We are a people of memory, and so it seems right and reasonable that we use our past as the means to interpret our present. But drawing historical metaphors is tricky work, and done incorrectly, the memory-maker risks both violence to our history and our identities that hinge so directly on how we think about the lessons of our past.
Such was the case in the recent case of the conservative punditry’s irresponsible analogies between the Geneva nuclear negotiations on Iran and the capitulation of the Allied powers to Hitler as part of the “Munich Agreement.” It is not at all surprising to hear radically different assessments about the merits of the process and the provisional outcomes, like disagreeing over whether or not we perceive Iran as a rational actor. And it is reasonable for even optimists and doves to be terrified of these negotiations, in light of Iran’s troublesome rhetoric — its genocidal language that evokes Jewish trauma not so far in our past.
But political pluralism aside: it is horrifying to see so many pundits not only decry the proceedings but also invest this declamation with the incendiary rhetoric of Jewish victimhood. In one fell swoop the threat of aggression gives way to making Jews the implicit victims in whatever drama is about to unfold.
This approach — this Jewish insistence on an obsession with our own current or future victimhood — is strategically and morally deficient: It is dishonest; it is anti-Zionist; and it risks becoming self-fulfilling.
It is dishonest because the Jewish people in Israel and America rose up in the 20th century, rather heroically and unexpectedly, from a place of utter powerlessness in the world to now being able to hold in a much healthier tension both our power and powerlessness.

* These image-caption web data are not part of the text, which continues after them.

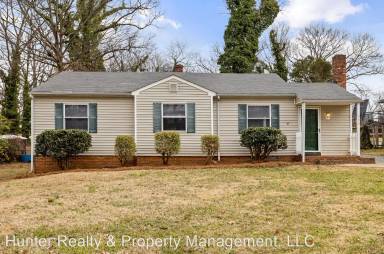 Main picture of 533 S Westview Dr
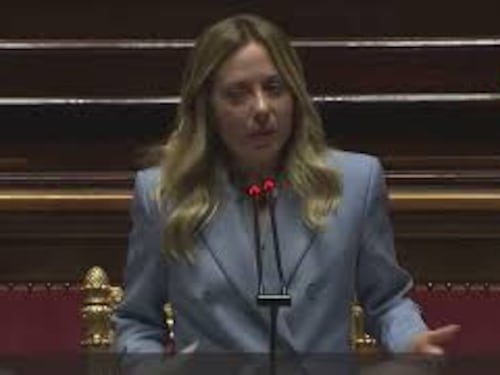 Meloni: Carri armati da milioni di euro distrutti da droni da 20mila euro, Occidente cambi strategia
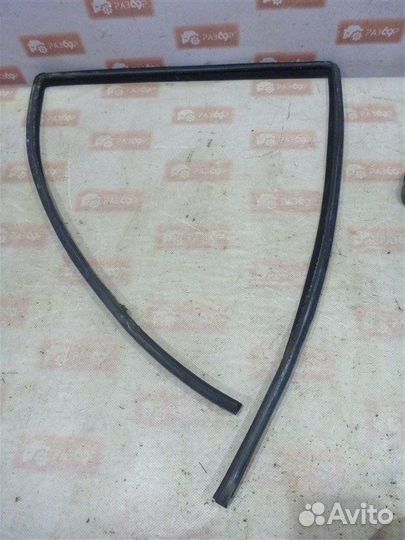 Уплотнительная резинка стекла задняя левая Land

If our experience as a stateless people throughout most of our history allowed us to think about our national identity as more morally pristine, our challenge today is to continue to aspire to that moral sensibility while undertaking the dirtier work of nation-building and in the conditions of normalcy. To insist via this analogy that we remain the victim of both history and of our contemporary aggressors as the defining feature of our identity misreads — willfully, and even maliciously — the gains we have made as a people and the new responsibility we have in the world to behave in accordance with the best of our moral aspirations.
Zionism reflects, among other ideas, an effort by the Jewish people to seize its destiny in history and change its approach to self-reliance. When the State of Israel is viewed in perpetual crisis by diaspora Jewry, requiring our paternalistic intervention, or when it is painted as the site of Jewish victimhood rather than a political response thereto, Zionism gives way to a protective and ultimately debasing Jewish ideology of fear and weakness. There are a host of political, diplomatic, economic and military approaches that the State of Israel might take in response to what it perceives — rightly or wrongly — as the failed policy of the West towards Iran. Cultivating the right of the State of Israel to pursue the correct policy choices from this matrix — that is Zionism. Decrying the actions of the West as an echo of the historical failures of the Allies seven decades ago makes a mockery of the Jewish state, its accomplishments, and its role in shaping its own destiny. Jews are not pawns in history, and we do not live today in a historical timeline of the 1930s as though nothing can be done to combat a genocidal swell that is about to overtake us. Rhetoric has meaning: it tells a story about ourselves. These messy metaphors strip Holocaust survivors of their reality and strip us of our agency.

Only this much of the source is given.